**GOAL OF THE EXERCISE**. Print every one of the records verbatim, omitting nothing.

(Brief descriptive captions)
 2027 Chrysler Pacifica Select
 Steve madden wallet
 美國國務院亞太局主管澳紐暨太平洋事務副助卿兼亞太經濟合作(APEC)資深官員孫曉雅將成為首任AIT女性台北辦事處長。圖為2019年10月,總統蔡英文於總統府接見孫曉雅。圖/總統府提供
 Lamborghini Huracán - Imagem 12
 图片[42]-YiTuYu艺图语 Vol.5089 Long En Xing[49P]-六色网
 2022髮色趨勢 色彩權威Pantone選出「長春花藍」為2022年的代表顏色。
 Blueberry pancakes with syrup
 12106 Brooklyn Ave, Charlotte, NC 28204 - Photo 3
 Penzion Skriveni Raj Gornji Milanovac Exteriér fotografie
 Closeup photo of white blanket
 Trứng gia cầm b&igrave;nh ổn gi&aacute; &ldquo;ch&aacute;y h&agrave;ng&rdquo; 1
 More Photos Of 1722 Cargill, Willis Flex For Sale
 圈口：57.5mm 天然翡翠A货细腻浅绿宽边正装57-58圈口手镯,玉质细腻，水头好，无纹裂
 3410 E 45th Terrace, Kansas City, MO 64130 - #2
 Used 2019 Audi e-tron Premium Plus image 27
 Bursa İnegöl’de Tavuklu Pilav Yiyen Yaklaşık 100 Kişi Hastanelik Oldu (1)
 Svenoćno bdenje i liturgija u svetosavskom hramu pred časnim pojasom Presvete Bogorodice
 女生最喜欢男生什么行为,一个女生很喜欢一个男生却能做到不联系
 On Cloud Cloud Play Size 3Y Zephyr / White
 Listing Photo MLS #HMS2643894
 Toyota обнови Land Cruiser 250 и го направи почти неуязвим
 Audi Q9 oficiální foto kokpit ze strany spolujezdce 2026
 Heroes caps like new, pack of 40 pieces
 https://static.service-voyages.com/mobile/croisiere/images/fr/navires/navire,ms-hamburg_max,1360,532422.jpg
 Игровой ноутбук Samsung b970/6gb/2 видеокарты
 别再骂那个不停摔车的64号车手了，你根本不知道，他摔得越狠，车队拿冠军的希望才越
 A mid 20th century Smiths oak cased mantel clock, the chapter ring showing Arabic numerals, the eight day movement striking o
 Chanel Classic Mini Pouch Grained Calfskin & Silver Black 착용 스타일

**WRITTEN SOLUTION**.
 2027 Chrysler Pacifica Select
 Steve madden wallet
 美國國務院亞太局主管澳紐暨太平洋事務副助卿兼亞太經濟合作(APEC)資深官員孫曉雅將成為首任AIT女性台北辦事處長。圖為2019年10月,總統蔡英文於總統府接見孫曉雅。圖/總統府提供
 Lamborghini Huracán - Imagem 12
 图片[42]-YiTuYu艺图语 Vol.5089 Long En Xing[49P]-六色网
 2022髮色趨勢 色彩權威Pantone選出「長春花藍」為2022年的代表顏色。
 Blueberry pancakes with syrup
 12106 Brooklyn Ave, Charlotte, NC 28204 - Photo 3
 Penzion Skriveni Raj Gornji Milanovac Exteriér fotografie
 Closeup photo of white blanket
 Trứng gia cầm b&igrave;nh ổn gi&aacute; &ldquo;ch&aacute;y h&agrave;ng&rdquo; 1
 More Photos Of 1722 Cargill, Willis Flex For Sale
 圈口：57.5mm 天然翡翠A货细腻浅绿宽边正装57-58圈口手镯,玉质细腻，水头好，无纹裂
 3410 E 45th Terrace, Kansas City, MO 64130 - #2
 Used 2019 Audi e-tron Premium Plus image 27
 Bursa İnegöl’de Tavuklu Pilav Yiyen Yaklaşık 100 Kişi Hastanelik Oldu (1)
 Svenoćno bdenje i liturgija u svetosavskom hramu pred časnim pojasom Presvete Bogorodice
 女生最喜欢男生什么行为,一个女生很喜欢一个男生却能做到不联系
 On Cloud Cloud Play Size 3Y Zephyr / White
 Listing Photo MLS #HMS2643894
 Toyota обнови Land Cruiser 250 и го направи почти неуязвим
 Audi Q9 oficiální foto kokpit ze strany spolujezdce 2026
 Heroes caps like new, pack of 40 pieces
 https://static.service-voyages.com/mobile/croisiere/images/fr/navires/navire,ms-hamburg_max,1360,532422.jpg
 Игровой ноутбук Samsung b970/6gb/2 видеокарты
 别再骂那个不停摔车的64号车手了，你根本不知道，他摔得越狠，车队拿冠军的希望才越
 A mid 20th century Smiths oak cased mantel clock, the chapter ring showing Arabic numerals, the eight day movement striking o
 Chanel Classic Mini Pouch Grained Calfskin & Silver Black 착용 스타일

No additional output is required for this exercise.